Goldengrove a telling portrait of death and coming-of-age
By JEFFREY ANN GOUDIE
Special to The Star
Francine Prose is a cultural presence: novelist, nonfiction writer, critic, translator, president of the PEN American Center and chairwoman of the panel that awarded the 2007 National Book Award in Fiction.
Her last book was the 2006 best-seller Reading Like a Writer. Her last novel was 2005’s A Changed Man, about a skinhead who undergoes a change of heart and head, a Pygmalion story of sorts. My brother-in-law’s father, who happens to be Jewish, quipped that it should have been titled My Fair Nazi.
Prose’s new novel, Goldengrove, is another Pygmalion story with a twist.
Here the reviewer squirms about how to give a sense of the atmosphere and substance of the novel without giving away the plot. One of the many essays Prose has written is called “Giveaways,” published in The New York Times Book Review several years ago. In it, Prose laments how often book reviewers give away too much of the plot in their reviews.
That said, Prose’s 15th novel is about a family’s quiet implosion after the loss by drowning of the oldest daughter. It is narrated by 13-year-old Nico, named by her aging hippie parents for a doomed German rock singer.
Margaret was the shimmering older sister, prone to romantic enthusiasms: vintage clothing, “mid-century modern” décor, jazz music and classic movies. Possessed of a beautiful singing voice, she was headed to Oberlin on a full music scholarship.
Besides Nico, who becomes the doubly iconic “Only Remaining Child” by death instead of college, there is her father, owner of a bookstore called Goldengrove (from a Gerard Manley Hopkins poem, as is the name Margaret), and her mother, who writes liner notes for classic music CDs.
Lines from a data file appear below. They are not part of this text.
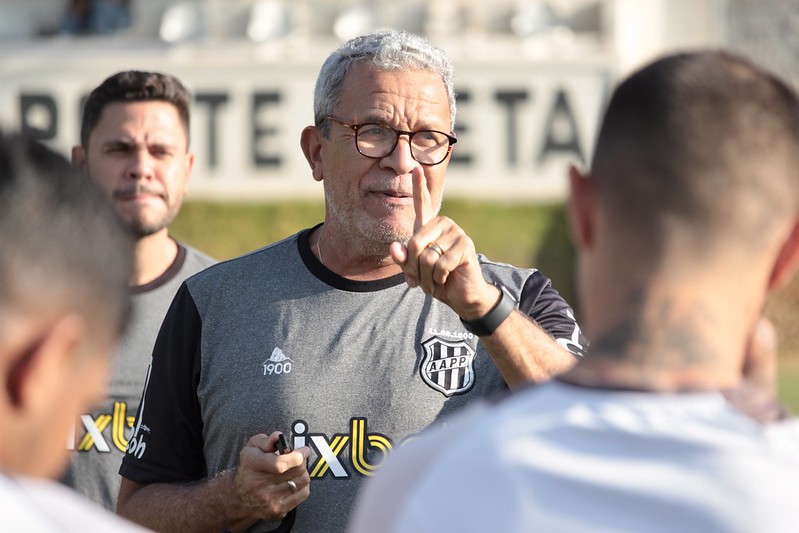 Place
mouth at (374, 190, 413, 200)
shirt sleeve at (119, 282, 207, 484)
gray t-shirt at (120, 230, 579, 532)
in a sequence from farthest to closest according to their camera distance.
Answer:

The family lives on the algae-threatened Mirror Lake in upstate New York.
During the summer after Margaret’s tragic drowning, the family fractures, then comes together in a reconfigured mosaic. Nico surreptitiously meets with her sister’s devastated artist boyfriend, Aaron. Her mother takes a leave from her job and slips into a prescription-drug-induced fog. Her father immerses himself in his book about end-of-the-world beliefs and believers.
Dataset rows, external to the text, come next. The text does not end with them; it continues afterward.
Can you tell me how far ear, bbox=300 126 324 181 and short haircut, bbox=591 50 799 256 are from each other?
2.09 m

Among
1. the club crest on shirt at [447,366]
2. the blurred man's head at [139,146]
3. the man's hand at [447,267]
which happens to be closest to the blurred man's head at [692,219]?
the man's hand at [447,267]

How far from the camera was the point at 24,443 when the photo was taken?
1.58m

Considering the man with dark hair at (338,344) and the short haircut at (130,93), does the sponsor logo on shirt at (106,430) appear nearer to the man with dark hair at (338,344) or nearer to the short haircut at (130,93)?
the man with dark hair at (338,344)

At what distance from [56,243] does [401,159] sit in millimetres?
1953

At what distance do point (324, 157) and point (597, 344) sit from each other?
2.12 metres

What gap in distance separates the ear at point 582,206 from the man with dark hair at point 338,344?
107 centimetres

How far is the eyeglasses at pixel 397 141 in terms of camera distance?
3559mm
Nico understands her handsome father’s attraction to doomsday cults: “ … my father’s subject was the apocalypse and not the ragged hole that one death could rip in a few fragile lives.”
Prose’s perceptive novel sensitively treats grief, complete with “magical thinking.” Nico feels she’s being guided by Margaret into her flirtation with Aaron. Coaxing her to wear a favorite shirt of Margaret’s, he wants to transform her into her dead sister (Pygmalion, twisted).
But despite its perceptiveness and smartness — it’s laced with references to art, movies and music — this novel never quite leaves the page.
Perhaps that’s because of its melancholy subject. But something else may be at work. Prose has been criticized for her satirical streak. And although there are glimmers of that here — a DARE instructor named Officer Prozak and the tentative title of the father’s book, Eschatology for Dummies — this novel is mostly deadly (sorry for the pun) earnest. Prose might have loosened her reins.
As it is, she keeps her characters too much in control. One yearns for the spiky Vincent from A Changed Man. These characters flirt with, but never succumb to, the dark depths that follow in the aftermath of sudden death. The voice of the first-person, 13-year-old narrator may have limited Prose’s range and depth (there are some abrupt end-book sections from the point-of-view of grown-up Nico).
One reads literary fiction to be transported. Goldengrove is a bit too controlled for that.
Still, as a smart and sensitive exploration of one family’s response to the regret and recriminations that follow unexpected death, Goldengrove succeeds. Even if it doesn’t soar.
Goldengrove, by Francine Prose (275 pages; HarperCollins; $24.95)
Jeffrey Ann Goudie is a columnist and freelance reviewer living in Topeka.